Exercise instructions => Only the lines from the one with "Lacoste Sweatshirt SH9623-132" to the end of the data below should be returned, each exactly as it stands.
***
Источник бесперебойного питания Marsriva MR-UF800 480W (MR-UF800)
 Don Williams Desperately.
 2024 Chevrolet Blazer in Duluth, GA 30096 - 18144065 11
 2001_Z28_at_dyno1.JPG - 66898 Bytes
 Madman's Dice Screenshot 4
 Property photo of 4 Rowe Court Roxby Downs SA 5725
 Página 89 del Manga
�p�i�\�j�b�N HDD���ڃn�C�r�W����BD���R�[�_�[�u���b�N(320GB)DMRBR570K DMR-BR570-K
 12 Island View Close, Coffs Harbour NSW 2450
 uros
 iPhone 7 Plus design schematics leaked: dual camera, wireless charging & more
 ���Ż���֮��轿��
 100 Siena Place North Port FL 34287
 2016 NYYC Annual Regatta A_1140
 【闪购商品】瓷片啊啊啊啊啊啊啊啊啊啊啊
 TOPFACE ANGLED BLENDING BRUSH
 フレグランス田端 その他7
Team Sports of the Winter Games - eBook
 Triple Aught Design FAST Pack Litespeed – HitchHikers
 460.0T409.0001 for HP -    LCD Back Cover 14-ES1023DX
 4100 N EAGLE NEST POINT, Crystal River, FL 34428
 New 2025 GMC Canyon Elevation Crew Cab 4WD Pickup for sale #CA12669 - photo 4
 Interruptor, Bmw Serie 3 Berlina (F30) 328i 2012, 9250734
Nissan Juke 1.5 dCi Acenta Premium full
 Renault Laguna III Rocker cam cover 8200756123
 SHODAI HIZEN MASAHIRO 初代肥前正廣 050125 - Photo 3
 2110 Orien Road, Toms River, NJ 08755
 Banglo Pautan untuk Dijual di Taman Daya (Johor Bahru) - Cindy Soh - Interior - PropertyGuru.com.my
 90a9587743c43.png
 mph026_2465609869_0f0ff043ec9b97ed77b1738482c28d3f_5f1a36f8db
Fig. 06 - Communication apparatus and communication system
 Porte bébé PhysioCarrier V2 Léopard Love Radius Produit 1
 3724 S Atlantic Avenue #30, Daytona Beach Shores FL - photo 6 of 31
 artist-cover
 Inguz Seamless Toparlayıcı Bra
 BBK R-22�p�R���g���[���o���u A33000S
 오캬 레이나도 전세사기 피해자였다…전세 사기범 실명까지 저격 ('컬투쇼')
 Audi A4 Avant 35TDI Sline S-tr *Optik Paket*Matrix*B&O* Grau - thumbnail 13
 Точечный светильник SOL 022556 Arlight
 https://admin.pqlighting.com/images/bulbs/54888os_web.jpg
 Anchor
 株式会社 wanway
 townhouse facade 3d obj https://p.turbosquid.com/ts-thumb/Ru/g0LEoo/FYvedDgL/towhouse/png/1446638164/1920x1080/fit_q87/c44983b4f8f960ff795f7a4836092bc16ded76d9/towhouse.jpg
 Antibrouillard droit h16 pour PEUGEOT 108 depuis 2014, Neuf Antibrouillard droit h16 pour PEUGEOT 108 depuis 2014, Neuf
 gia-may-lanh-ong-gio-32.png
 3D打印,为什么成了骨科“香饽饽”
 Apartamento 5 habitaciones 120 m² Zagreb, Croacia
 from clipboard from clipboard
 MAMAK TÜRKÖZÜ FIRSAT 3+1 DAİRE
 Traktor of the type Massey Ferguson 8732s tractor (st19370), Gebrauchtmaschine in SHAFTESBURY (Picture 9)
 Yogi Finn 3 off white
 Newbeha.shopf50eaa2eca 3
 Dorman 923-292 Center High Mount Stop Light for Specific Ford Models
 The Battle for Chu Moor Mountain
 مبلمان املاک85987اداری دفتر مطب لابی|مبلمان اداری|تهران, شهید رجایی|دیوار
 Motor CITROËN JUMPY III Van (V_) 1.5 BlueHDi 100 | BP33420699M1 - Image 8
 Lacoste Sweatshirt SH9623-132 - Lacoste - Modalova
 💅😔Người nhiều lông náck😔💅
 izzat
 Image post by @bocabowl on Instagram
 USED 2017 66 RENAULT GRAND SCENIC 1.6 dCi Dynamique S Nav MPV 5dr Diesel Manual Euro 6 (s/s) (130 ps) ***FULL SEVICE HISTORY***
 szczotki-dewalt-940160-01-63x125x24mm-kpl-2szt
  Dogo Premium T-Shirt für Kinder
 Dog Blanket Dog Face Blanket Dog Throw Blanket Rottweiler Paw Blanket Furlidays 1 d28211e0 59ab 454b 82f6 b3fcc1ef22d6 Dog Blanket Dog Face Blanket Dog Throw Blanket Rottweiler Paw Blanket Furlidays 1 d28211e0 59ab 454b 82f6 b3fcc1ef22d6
***
Task response =>
 Lacoste Sweatshirt SH9623-132 - Lacoste - Modalova
 💅😔Người nhiều lông náck😔💅
 izzat
 Image post by @bocabowl on Instagram
 USED 2017 66 RENAULT GRAND SCENIC 1.6 dCi Dynamique S Nav MPV 5dr Diesel Manual Euro 6 (s/s) (130 ps) ***FULL SEVICE HISTORY***
 szczotki-dewalt-940160-01-63x125x24mm-kpl-2szt
  Dogo Premium T-Shirt für Kinder
 Dog Blanket Dog Face Blanket Dog Throw Blanket Rottweiler Paw Blanket Furlidays 1 d28211e0 59ab 454b 82f6 b3fcc1ef22d6 Dog Blanket Dog Face Blanket Dog Throw Blanket Rottweiler Paw Blanket Furlidays 1 d28211e0 59ab 454b 82f6 b3fcc1ef22d6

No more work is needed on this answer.